We did a quick circuit and eventually decided upon one that backed onto the railway and not too far from either the toilet block or the footpath into town. Setting up was done and the thermal wrap went on too, it definitely made a difference to the temperature inside Pod.
It was still quite light so we set off on a walk into Leyburn, no street lights most of the way, so we went prepared with a torch. We’d learnt our lesson the hard way, well, one of us had.
Before getting to the main road, we had to cross the railway line, not something either of us likes, but it’s a necessary act. What did catch our eye was the very large sign with some very interesting instructions on how do so, can you spot it ?
Soon came to a junction which once crossed opened up into an odd shaped village square. The outside was lined with shops, pubs and the like, in the centre there was a large carpark with an interesting payment method; by donation, brilliant idea we thought, if it worked.
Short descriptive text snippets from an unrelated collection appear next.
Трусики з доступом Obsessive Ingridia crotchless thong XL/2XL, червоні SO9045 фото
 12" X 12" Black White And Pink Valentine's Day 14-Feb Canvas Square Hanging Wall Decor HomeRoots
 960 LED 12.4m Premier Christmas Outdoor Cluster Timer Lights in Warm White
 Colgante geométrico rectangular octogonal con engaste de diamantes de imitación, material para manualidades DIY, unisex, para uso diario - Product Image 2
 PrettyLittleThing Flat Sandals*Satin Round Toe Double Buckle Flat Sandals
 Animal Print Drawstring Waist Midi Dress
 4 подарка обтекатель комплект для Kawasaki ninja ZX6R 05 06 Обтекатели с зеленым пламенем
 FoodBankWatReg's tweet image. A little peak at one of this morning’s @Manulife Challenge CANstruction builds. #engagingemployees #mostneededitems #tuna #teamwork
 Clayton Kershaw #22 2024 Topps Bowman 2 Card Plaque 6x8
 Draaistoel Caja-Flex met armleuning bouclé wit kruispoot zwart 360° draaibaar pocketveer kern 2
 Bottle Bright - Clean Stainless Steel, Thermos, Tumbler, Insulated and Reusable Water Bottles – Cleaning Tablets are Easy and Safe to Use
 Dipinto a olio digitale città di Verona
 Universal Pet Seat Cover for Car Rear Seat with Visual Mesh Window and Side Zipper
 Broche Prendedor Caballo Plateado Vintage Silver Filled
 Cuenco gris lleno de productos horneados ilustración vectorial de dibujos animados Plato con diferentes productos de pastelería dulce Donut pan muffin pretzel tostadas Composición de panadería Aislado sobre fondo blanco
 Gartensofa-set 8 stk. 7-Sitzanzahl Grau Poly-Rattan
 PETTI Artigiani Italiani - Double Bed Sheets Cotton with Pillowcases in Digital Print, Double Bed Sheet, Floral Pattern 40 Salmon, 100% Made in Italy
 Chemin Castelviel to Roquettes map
We did pass an antique shop too, caught LB’s eye as there was a very small white rocking chair all on its lonesome sat outside the shop.
Our original mission was to buy a late lunch and a pint or two in one of the pubs, but after trying a few we discovered all seemed to stop serving food through the afternoon, so a pasty and pie were bought from the local bakery and this was eaten on a wooden bench just off centre from the square.
Once demolished we needed to fulfil the second part of our mission and we chose the Golden Lion as a first stop.
After one pint of Wensleydale Brewery Gamekeeper and Semer Water, we made the decision to stay put and have a few more.
Pub was welcoming and seemed to be one occupied by the locals, so that for us was a good sign. Besides, we were very cozy sat in one of the windows watching the world go by.
We eventually left our little snug and took the walk back to Pod, torches are a must.
Dinner was eaten using the multi-cooker, great device and a delicious spicy prawn and tagliatelle dish was soon demolished.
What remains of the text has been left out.